Yasmine Raso26 July 2024
Finger touches ETF screen

The latest exchange traded fund (ETF) from Betashares to hit the Australian Securities Exchange (ASX) has provided a market-first Australian equities momentum investing strategy.

The Betashares Australian Momentum ETF (MTUM) offers investors “convenient access [and] exposure to a systematic, rules-based momentum investing strategy”, which involves buying stocks that are outperforming due to the success of an existing market trend while selling stocks that have underperformed.

While the strategy has its denouncers that favour traditional stock picking based on fundamental factors, Betashares says it offers both investors and advisers a “unique return profile” that can be leveraged with existing core portfolio components.

Betashares chief executive, Alex Vynokur, said the fund provides an “attractive approach” for individual investors who might normally find a strategy like this difficult to undertake due to time requirements, its susceptibility to behavioural bias and execution costs.

“As a strategy, momentum investing is appealing to a broad range of investors given its performance potential, but it is often difficult to implement due to a range of factors like the time required to manage such a strategy, the identification of outperforming stocks, behavioural bias and execution costs,” he said.

“It’s our view that a systematic, rules-based index approach to momentum investing can assist investors to efficiently access the unique return profile of this style factor.

“The Betashares Australian Momentum ETF combines the performance potential of momentum investing with the convenience of an ETF.

“To that end, MTUM is a complementary addition to our growing range of innovative investment solutions that assist investors and their financial advisers to implement institutional grade strategies within their portfolios.”

MTUM uses a strict rules-based index to prioritise stocks showing robust and consistent momentum while also eliminating the worst performers every two months. The fund’s index orders 200 of the largest stocks on the ASX by their six- and 12-month risk-adjusted returns and picks the top 50 stocks on selection day every two months.

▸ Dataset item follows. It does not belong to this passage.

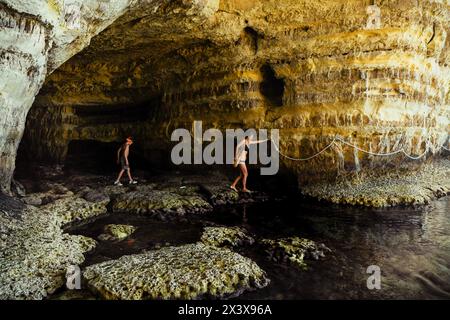 Frau Touristen erkunden Ayia napa Bucht Küste mit kristallklarem, blauem mittelmeer Wasser und ruhigen felsigen Stein Meer Höhlen. Besichtigungspfad mit Seilen Stockfoto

The final portfolio contains the top 50 stocks picked on the last four selection days, which usually provides around 90 stocks with a mix of partial and full weighting allocations depending on how consistently each stock has ranked in the top 50 over the last four selection days.

Stocks that are ranked in the lowest tenth percentile based on their six-month total return figures on the latest selection day are removed from the portfolio.

MTUM’s index has returned 11.1 per cent since its inception in May 2011 as of 28 June 2024, outperforming its S&P/ASX200 Index benchmark by 2.72 per cent.